--- Records ---

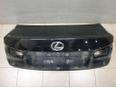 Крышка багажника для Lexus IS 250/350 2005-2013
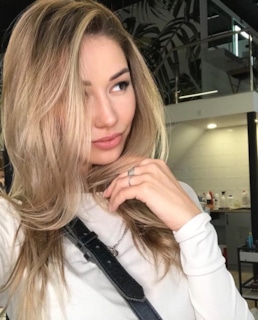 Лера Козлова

---
--- Records ---

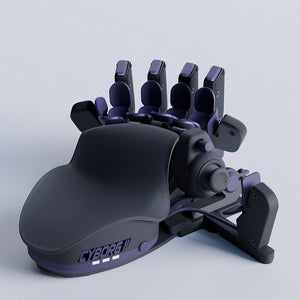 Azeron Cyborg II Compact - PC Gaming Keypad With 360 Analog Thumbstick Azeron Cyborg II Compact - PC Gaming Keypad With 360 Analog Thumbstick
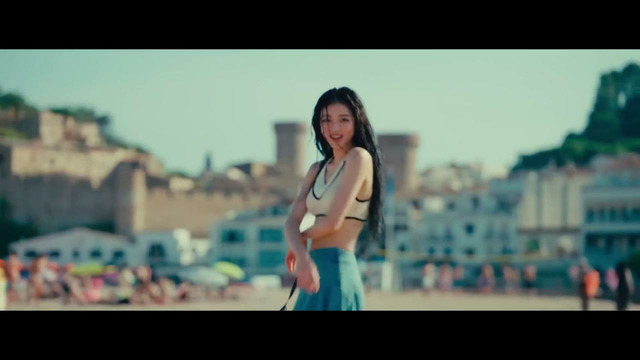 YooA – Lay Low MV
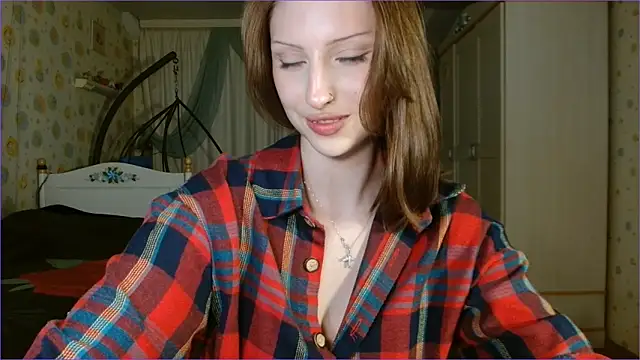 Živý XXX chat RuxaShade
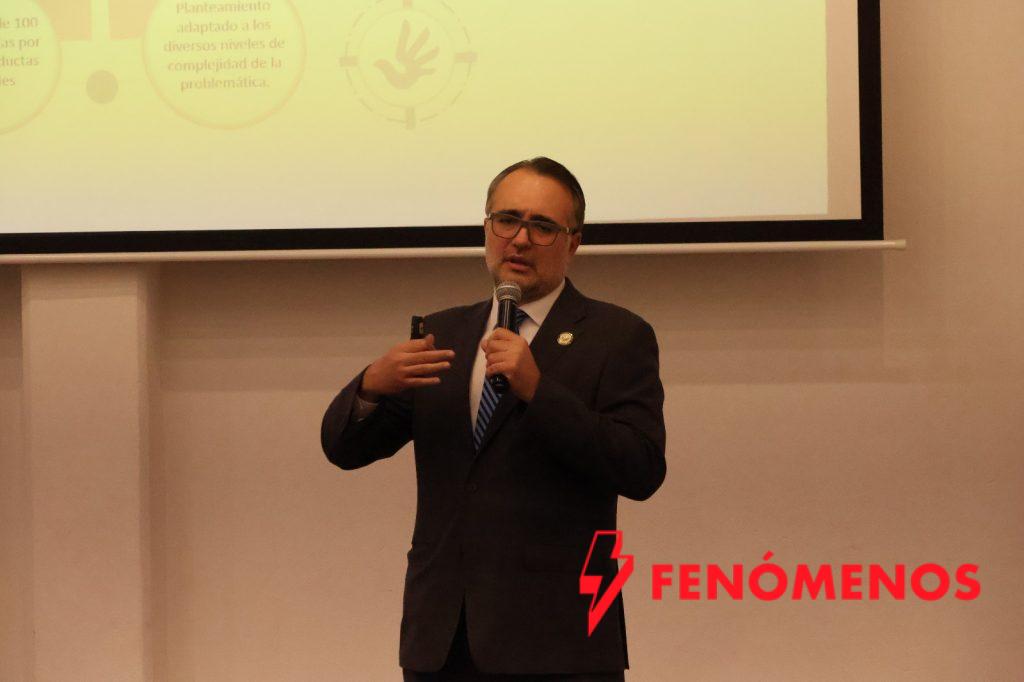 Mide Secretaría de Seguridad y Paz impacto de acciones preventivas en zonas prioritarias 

---
--- Records ---

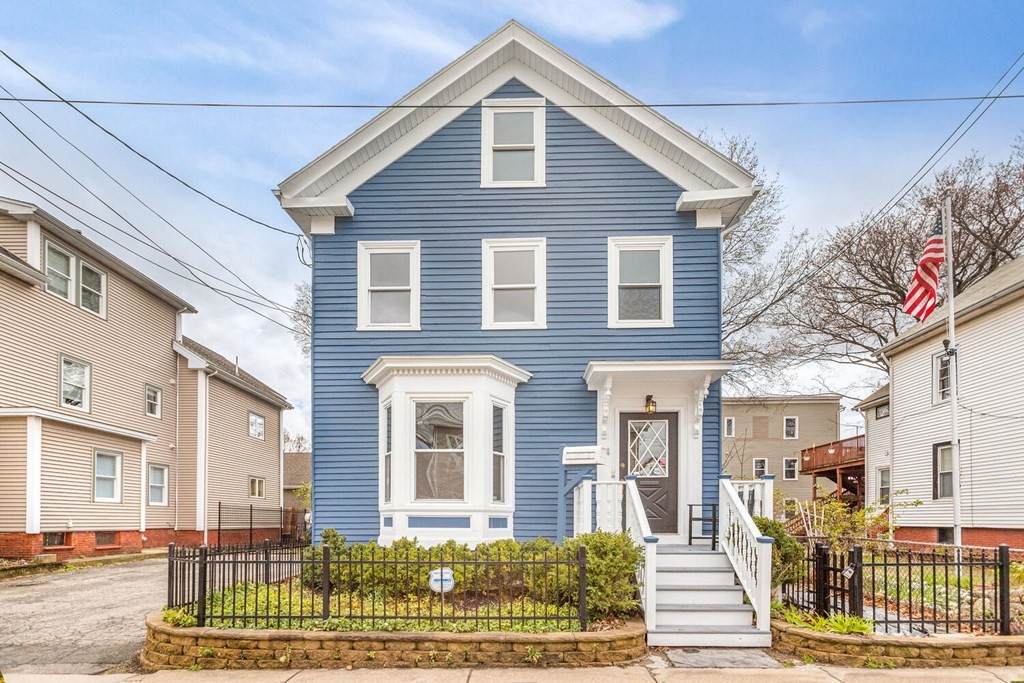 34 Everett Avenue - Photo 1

---

(The problem):
Going by the entries above, repeat exactly the lines that start at the line with "YooA – Lay Low MV" and go on through the line with "Mide Secretaría de". Pictures are not part of the copy.

(Problem solution):
 YooA – Lay Low MV
 Živý XXX chat RuxaShade
 Mide Secretaría de Seguridad y Paz impacto de acciones preventivas en zonas prioritarias 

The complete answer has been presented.